For me, this announcement was personal and brought meaning to fifteen years of work. I still remember my first trip to Cuba in 1999 when I saw the possibilities of a society that had a different paradigm – a socialist society where the needs of the people came first; where education and healthcare were free and an organized women’s movement pushed forth an agenda that empowered half of their society in such meaningful ways. That trip resulted in over fifteen more trips bringing women and a handful of men to see Cuba themselves and to learn from Cuban experiences and mistakes in building a new society. The Cubans I forged friendships with helped solidify my commitment to change our policy towards Cuba to one of respect for Cuba’s sovereignty and right to self-determination.
Obama’s US-Cuba agreement is accompanied by a prisoner exchange, the opening of embassies in each other’s countries, easing of travel restrictions, easing of financial exchanges and remittances from the US to Cuban nationals, and expanded commerce. Of great importance is President Obama’s instruction to Secretary of State Kerry to initiate a review of Cuba’s designation as a State Sponsor of Terrorism and report on this within six months. Cuba was placed on the list in 1982.
As an Asian American, I have also learned that we share much in common with Cubans. Chinese laborers were brought to Cuba for an eight year contract after the end of African slavery in Cuba because of the need for a new labor force to work in the expanding sugar cane industry. The first Chinese recorded in Cuba was on June 3, 1847 and by 1873, over 130,000 Chinese laborers, mostly from villages in Guangzhou, had been shipped to Cuba. This was a significant number since at that time the island’s total population numbered less than one million. There were also Japanese laborers and Filipinos who came on the Spanish galleon ships, but their communities were of less significant in numbers than the Chinese.
Today, there are probably less than 300 offspring of Chinese immigrants left in Cuba out of the population of 11 million Cubans.
The majority of Cubans of Chinese descent, Chinos, as they are referred to, are of mixed race and in the main no longer speak any Chinese dialects. But over the last two decades, with the opening of relations and trade with China, there has been a renewed interest in the preservation of Chinese culture and language and the institutionalization of the history of Chinese in Cuba. This preservation has been funded both by the Cuban and Chinese governments and has included the hosting of both high level and people-to-people Chinese delegations to Cuba, reestablishment of Chinese festivals, Chinese language school and martial arts classes and stories about the role of Chinese in the Cuban revolution. There are often ceremonies held at the memorial in Havana to honor the Chinese who fought in the first war of Cuban independence against Spain. The inscription of the memorial reads, “There was not one Cuban Chinese deserter, not one Cuban Chinese traitor.”
Recently, I returned to El Barrio Chino in Havana to eat Cuban Chinese food and to revisit the Kwong Wah Po Newspaper, the only Chinese newspaper in Cuba. It had been some years since I first visited and spoke to the employees of this small paper, the only source of news on China for the dwindling number of Chinese Cubans who still read Chinese.

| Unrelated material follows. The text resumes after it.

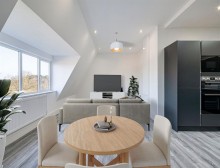 Images for Greysfields House, Ferma Lane, CH3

It was closed with no signs of whether they were closed for good or closed for repairs. I wondered if Abel Fung Way Man, the manager, was still alive and whether they were still setting the paper by hand – a laborious job since there were thousands of different Chinese characters neatly sorted by character in the large room next to the printing press. But I still remember Man’s last words to us in that visit that remind me so much of the many Cuban people that I have met, “If everyone treated each other like they were in their homes, no matter what country they were in, we would surely have world peace.” I hope that one day we can have a relationship with the Cuban people in that context. That would truly give meaning to the normalization of ties between the US and Cuba. (end)
Thank you for this article. I have not thought about or known about the history of Chinese people in Cuba or the Chinos today. I feel so honored to have traveled to Cuba with the writer of this article and to have learned so much during that trip.